The unique work of each artist, however, means that each year’s Out of Scandinavia Week varies in content
“It originally began as kind of a program for cutting-edge authors,” said Visiting Assistant Professor in Scandinavian Studies Timothy Warburton.
“I think it’s important because it highlights kind of up-and-coming artists, so artists that wouldn’t have the resources to come to Minnesota or universities like this. Also, a lot of times novelists don’t always have the opportunity to kind of speak about their work in an academic setting — it’s always at, like, bookstores, and kind of whatever their agent chooses for them. So I know Pajtim was really excited to kind of engage with students in more academic contexts.”
The program’s ability to bring writers like Statovci to campus makes it a great opportunity for students to not only interact with different artists, but to gain a broader understanding of modern Scandinavian culture.
“Swedish heritage is very important for Gustavus, which is great, and I think in line with the mission of the department, and what I think kind of drove me to pick Pajtim is that it’s important to kind of expand the idea that people have about Scandinavia — what Scandinavia is and what Scandinavian people are — and I think it’s worked really well,” said Warburton.
Over his residency week, Statovci took part in the Russian tea, a conversation event for students, and a discussion titled “Intersectionality:
Queer Identity, Immigration, and Otherness” with Professor Robert Kendrick.
Statovci also attended classes that relate to themes in his novel, including Gender and Sexuality in Scandinavia, an FTS on Queer Theory, an anthropology course, and a history course about minorities in Europe.
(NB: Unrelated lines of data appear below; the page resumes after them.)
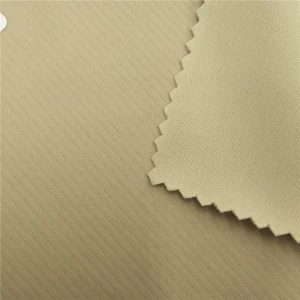 2019 TPU laminated knitted 100% polyester fabric for T-shirt and sportswear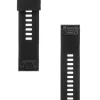 Tactical 426 szilikon óraszíj Garmin Fenix 5/6/7 QuickFit 22mm fekete - 4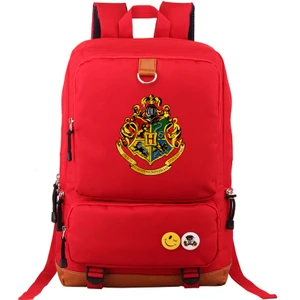 Harry Potter Serisi Okul Sırt Çantası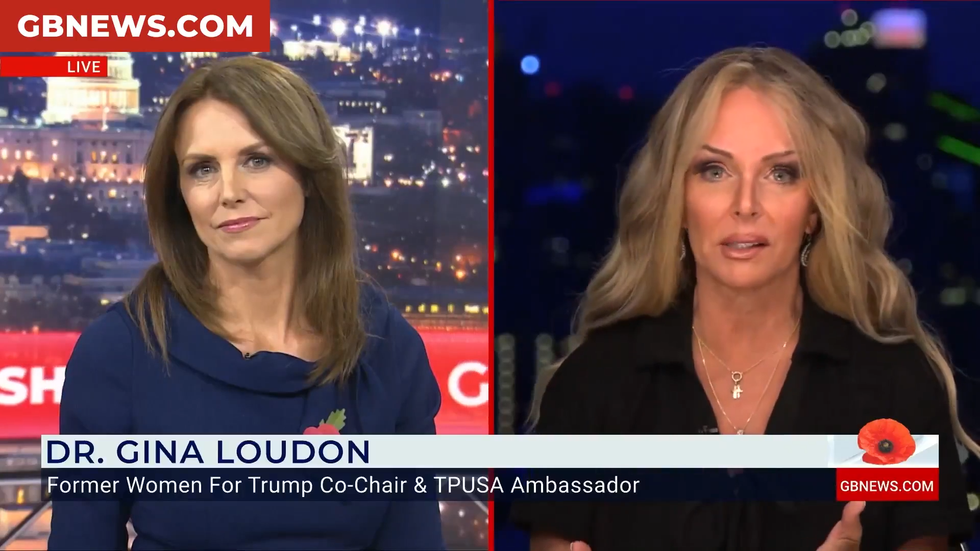 \u200b Dr Gina Loudon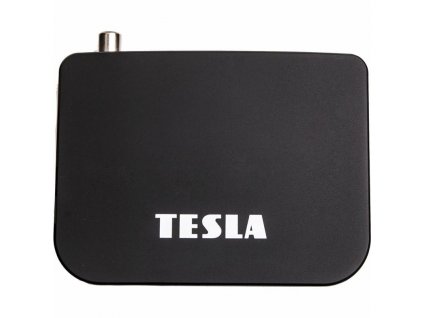 Set-top box TESLA TEH-500 / multimediální centrum / 8 W / USB / 2 GB / 8 GB / Android / černá / ROZBALENO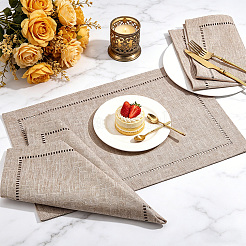 8Pcs Polyester Placemats&nbsp;AJEW-WA0005-05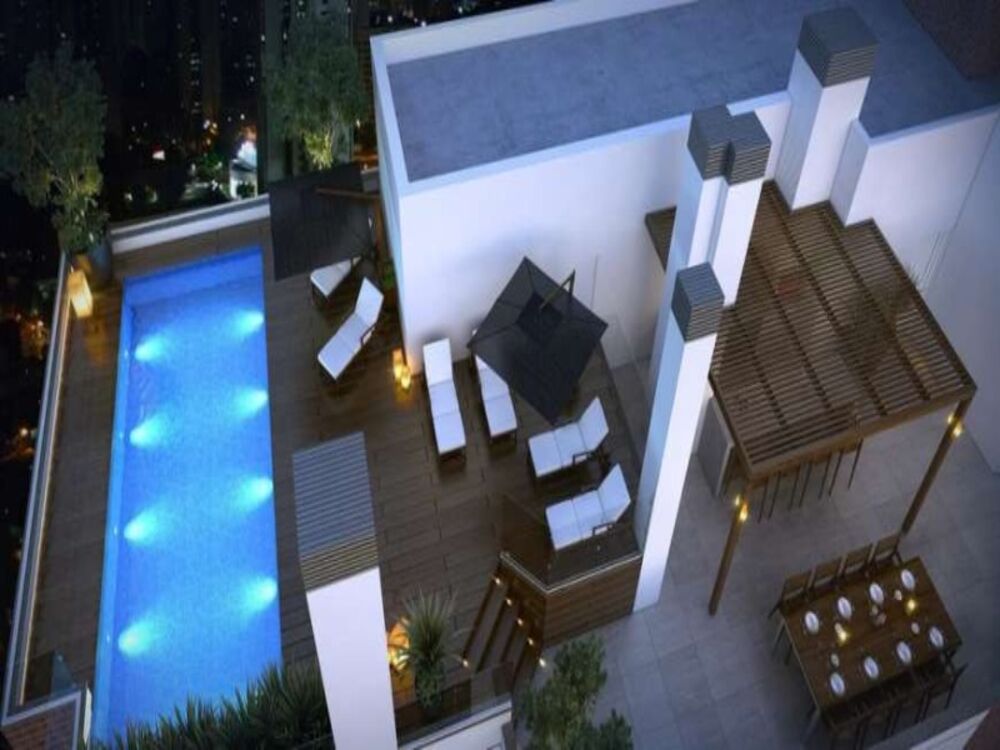 Apartamento, 2 quartos, 61 m² - Foto 1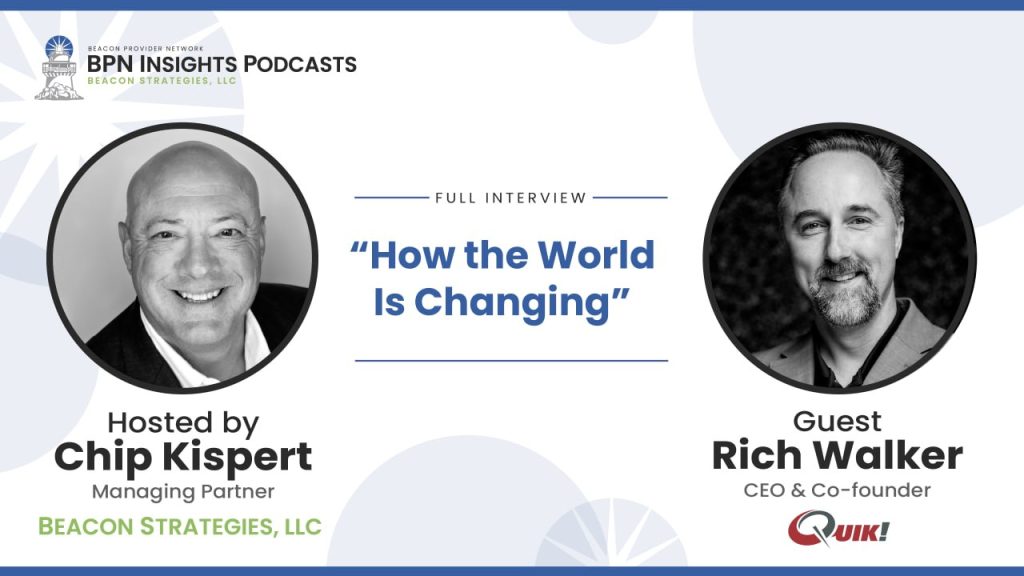 How the World is Changing Fast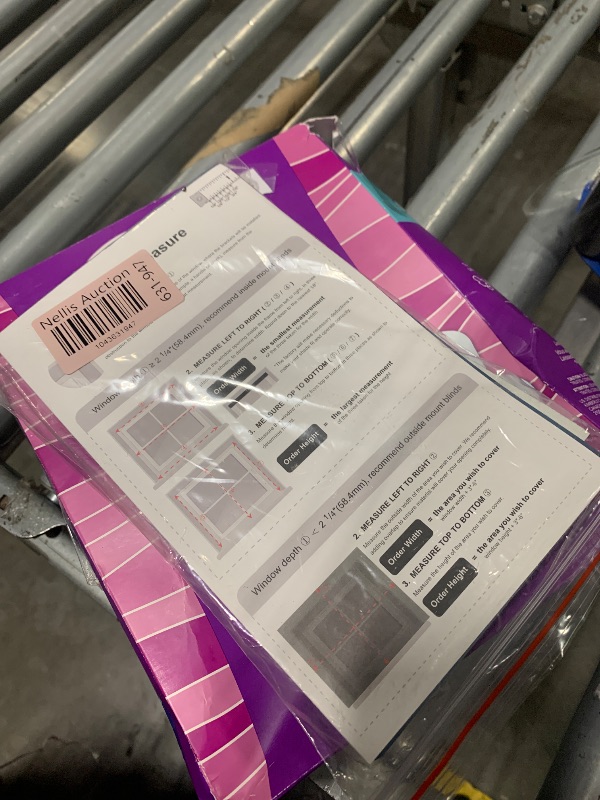 Photo 1 of SmartWings Motorized Smart Blinds with Remote, Custom Automatic 100% Blackout Roller Shade Compatible with Alexa/Homekit/Google, Electric Smart Blinds for Indoor Windows, Multi-Color Samples
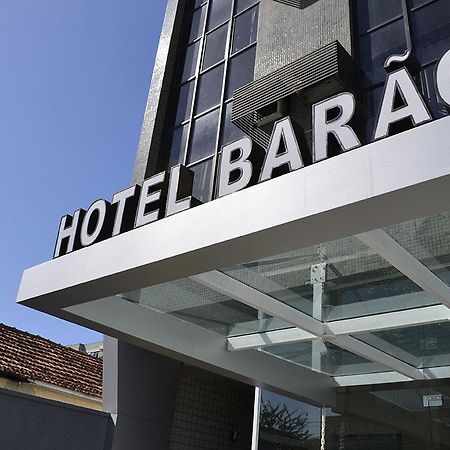 Hotel Barao Da Taquara Rio de Janeiro Bagian luar foto
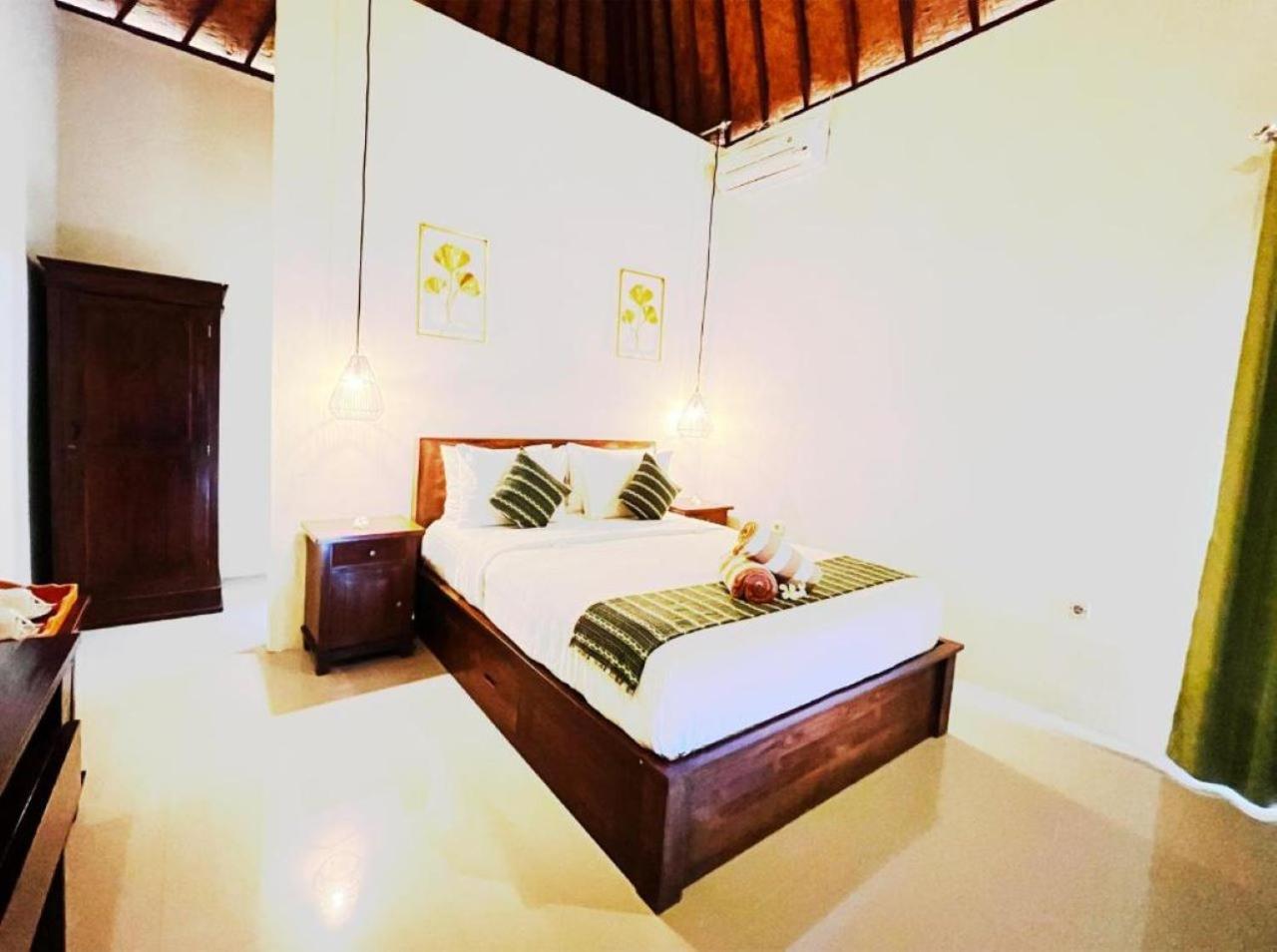 Wk Gamat Garden Guest house Toyapakeh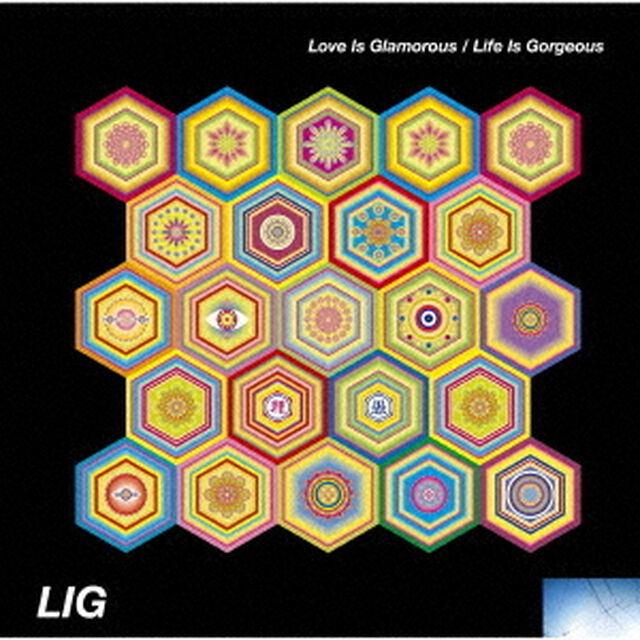 Love Is Glamorous／Life Is Gorgeous（CD）（ＣＤ）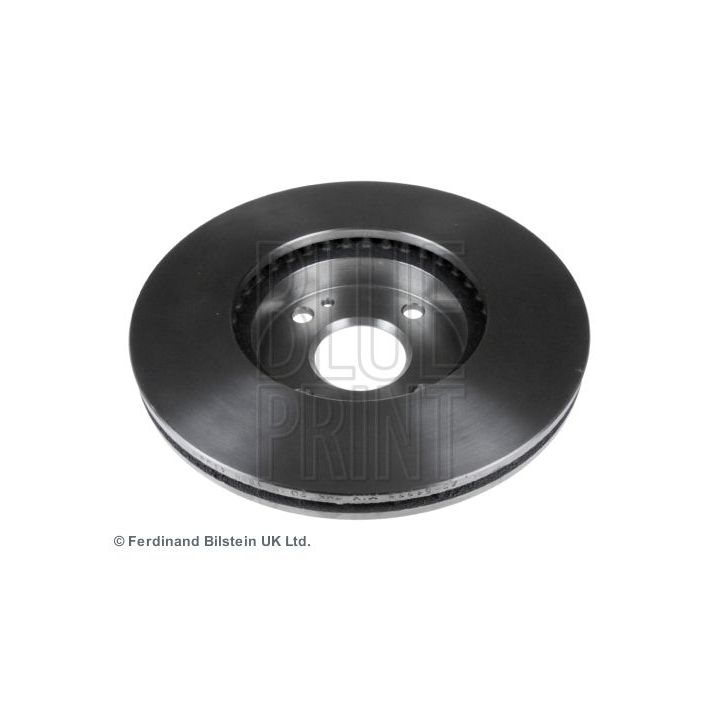 Stabdžių diskas BLUE PRINT ADM54336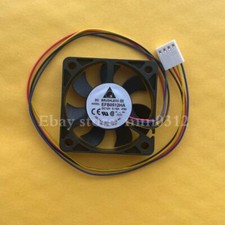 EFB0512HA 5010 DC12V 0.15A 5CM 4-Pin Ball Cooling Fan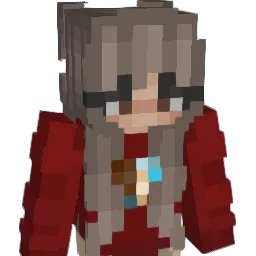 Chadsexual Minecraft avatar bust
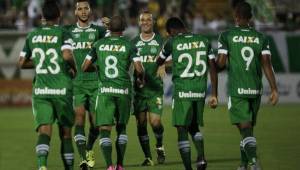 Chapecoense ya brindó su nota oficial en las redes sociales.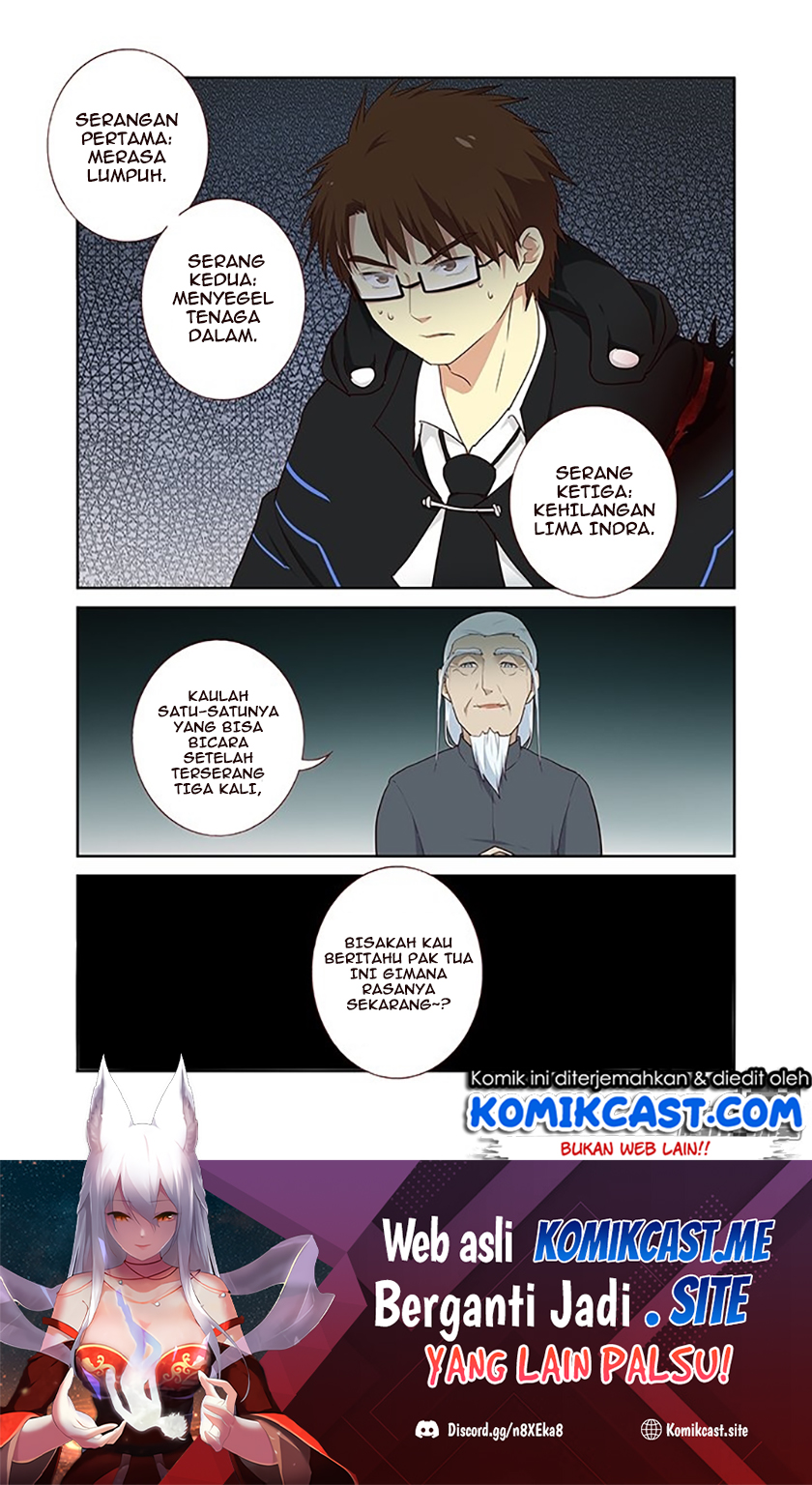Yaoguai Mingdan Chapter 284 Gambar 13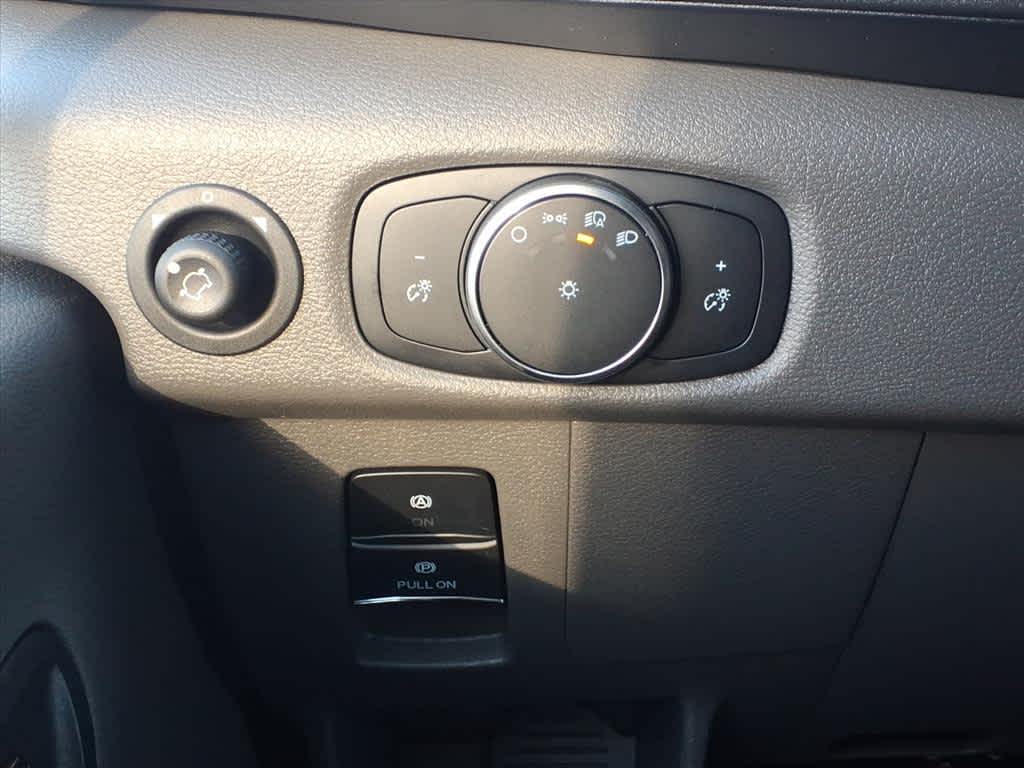 2026 Ford Transit Cargo Van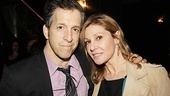 The Normal Heart Opening Night – Kenneth Cole – wife 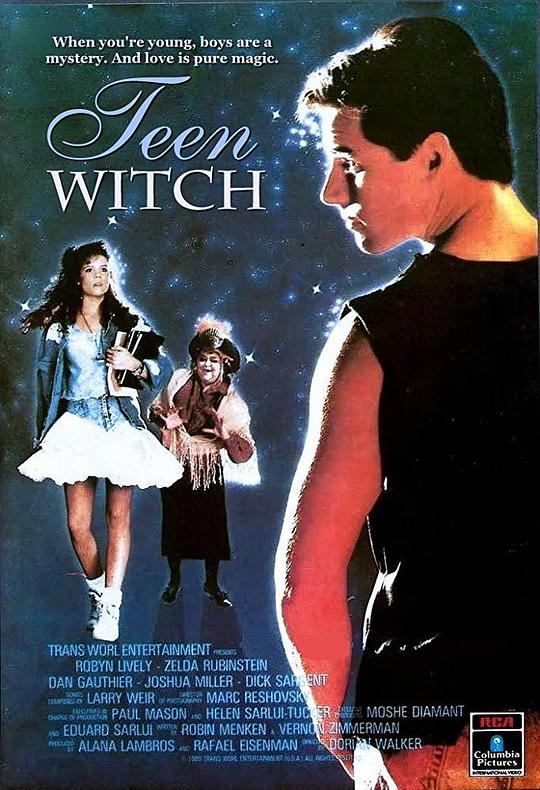少女巫师 Teen Witch (1989)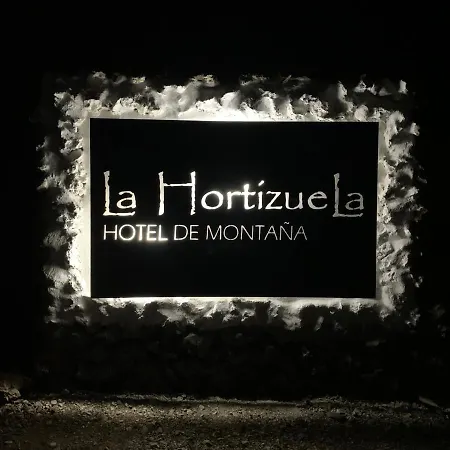 De Montana La Hortizuela Hotel 2*
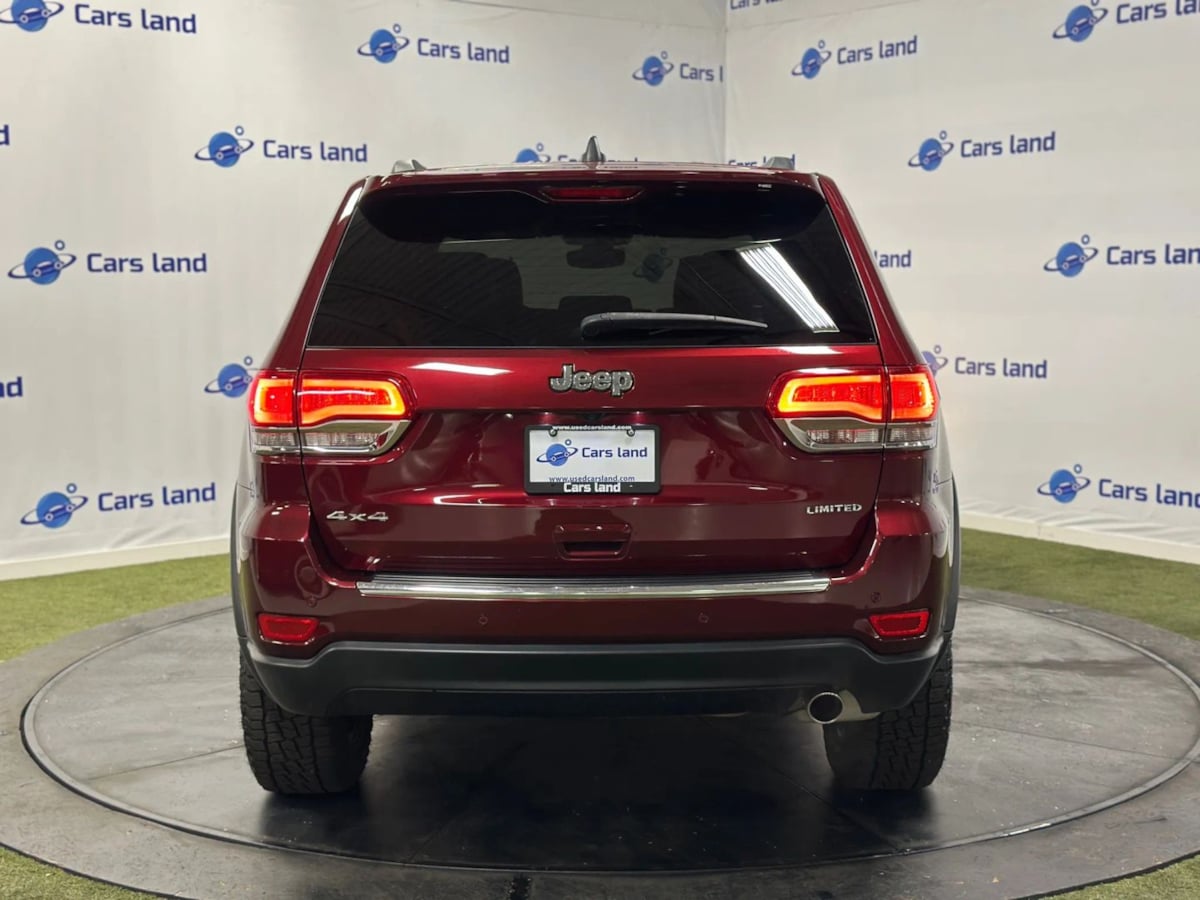 2022 Jeep Cherokee Limited photo 4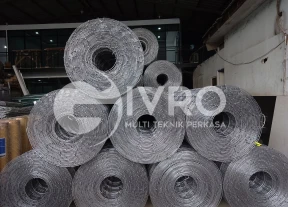 Pabrik Wiremesh Murah Jabodetabek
At the conversation event, students had the chance to ask Stavoci questions about being a writer and listen to his ideas about finding inspiration, being an immigrant, and how he came up with the story for My Cat Yugoslavia.
When asked about the novel’s talking cat, who interacts with the protagonist throughout the story, Statovci explained the idea of animal theory, or the tendency of literature to cast animal characters as “other” characters.
Different types of animals are viewed differently in different cultures, just as nationalities are.
This ties in with the novel’s themes of immigration, identity, and voice.
“It originally began as a kind of a program for cutting-edge authors. I think it’s important because it highlights kind of up-and-coming artists, so artists that wouldn’t have the resources to come to Minnesota or universities like this.” – Timothy Warburton
Meeting and listening to Statovci discuss his work, whether in class or during the week’s events, has definitely been a thought-provoking experience for students on campus.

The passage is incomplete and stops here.